* [DATA SECTION]:
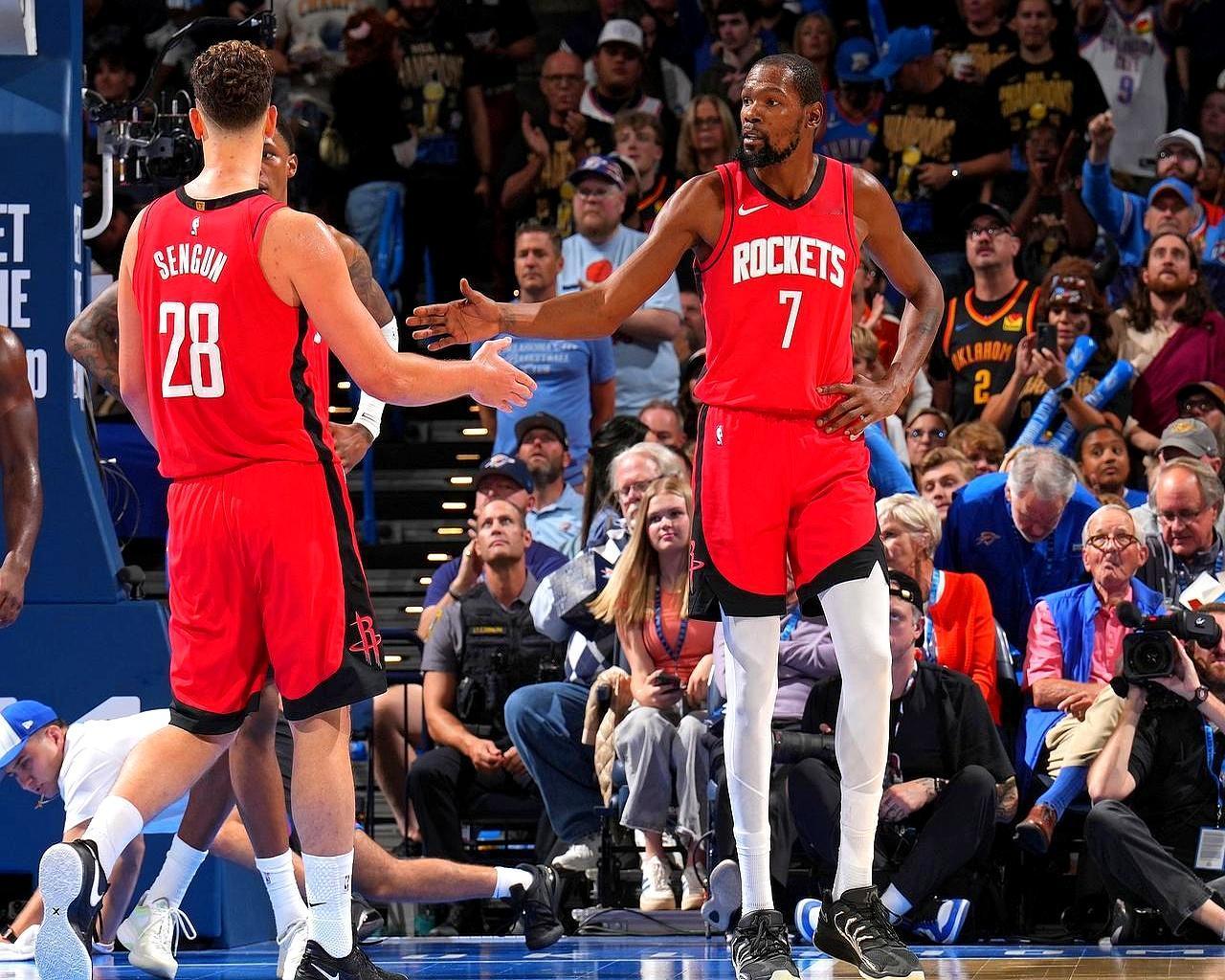 虽然今天火箭队只是输给掘金队3分，甚至最后一刻，申京还有一次机会投进三分，扳平比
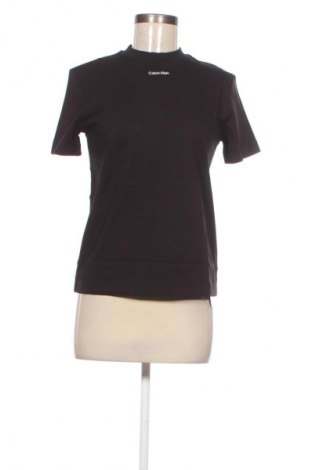 Damski T-shirt Calvin Klein, Rozmiar XXS, Kolor Czarny, Cena 207,99 zł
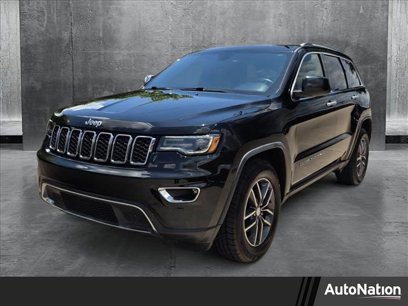 Used 2017 Jeep Grand Cherokee Limited w/ Luxury Group II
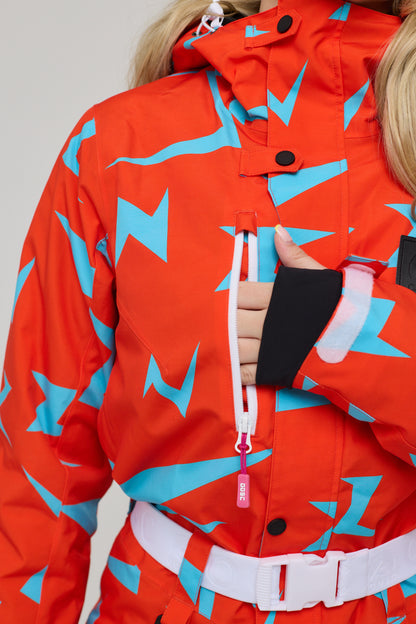 Starman Shaped Ski Suit - Women's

* [EXERCISE BRIEF]: Retype the line containing "Used 2017 Jeep" and all lines after it through the end of the material, exactly and only those, leaving out pictures.

* [TASK RESPONSE]:
 Used 2017 Jeep Grand Cherokee Limited w/ Luxury Group II
 Starman Shaped Ski Suit - Women's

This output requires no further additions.